Limitations of previous works

  • [3], [4] : can not model stochastic information in TS
  • [5], [6] : can not model long range time dependencies


Generative models

  • proved effective for sequential modeling
  • WaveNet [7] : proposes TCN with dilation
  • [8] : Combines transformer + masked autoregressive flow together
    • however, functional form the fothe models based on VAE & flow based models are constrained
  • TimeGrad [9] : uses an energy-based generative model (EBM) which transforms data distribution to target distribution by slowly injecting noise

TimeGrad

  • less restrictive on functional forms ( compared with VAE and flow based models )
  • Limitations
    • (1) DDPM in TimeGrad is sensitive to the noise scales
    • (2) Number of steps used for noise injection needs to be carefully designed
    • (3) Sampling methods for generation process in DDPM can be further extended


ScoreGrad

  • General framework for MTS forecasting based on continuous energy-based generative models

  • DDPM = Discrete form of a stochastic differential equation (SDE)

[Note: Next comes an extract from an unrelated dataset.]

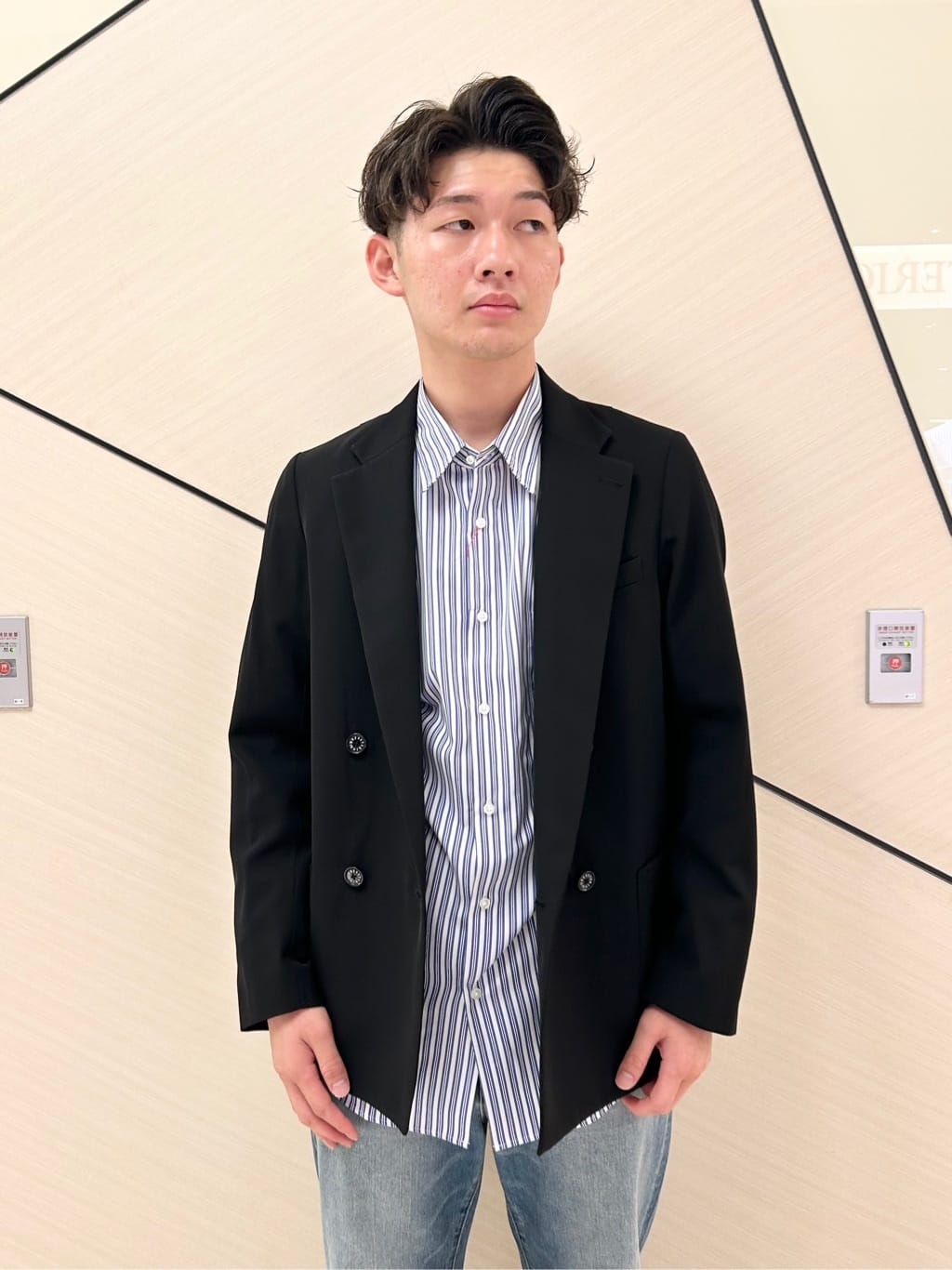 千葉亮太さんの「DRESSTERIOR｜THOMAS MASON ストライプシャツ」を使ったコーディネート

    \(\rightarrow\) number of steps can be replaced by the interval of integration

    \(\rightarrow\) noise scales can be easily tuned by diffusion term in SDE

    \(\rightarrow\) conditional continuous energy based generative model + sequential modeling for forecasting!


2. Related Work

(1) MTS forecasting

pass


(2) Energy-based generative models

Energy-based models (EBMs)

  • Un-normalized probabilistic models

  • Compared with VAE & flow-based generative models…

    • EBMs directly estimate the unnormalized negative log-probability
    • Do not place a restriction on the tractability of the normalizing constants

    \(\rightarrow\) Much less restrictive in functional form

  • Limitations: the unknown normalizing constant of EBMs will make training particularly difficult


Several methods for training EBMS

  • (1) Maximum likelihood estimation based on MCMC
    • [26] : estimate the gradient of the log-likelihood with MCMC sampling methods, instead of directly computing the likelihood.
  • (2) Score matching based methods
    • [28] : minimize a discrepancy between the gradient of the loglikelihood of data distribution and estimated distribution with Fisher divergence
      • optimization is computationally expensive!
  • (3) Noise contrastive estimation
    • [29] : EBM can be learned by contrasting it with known density.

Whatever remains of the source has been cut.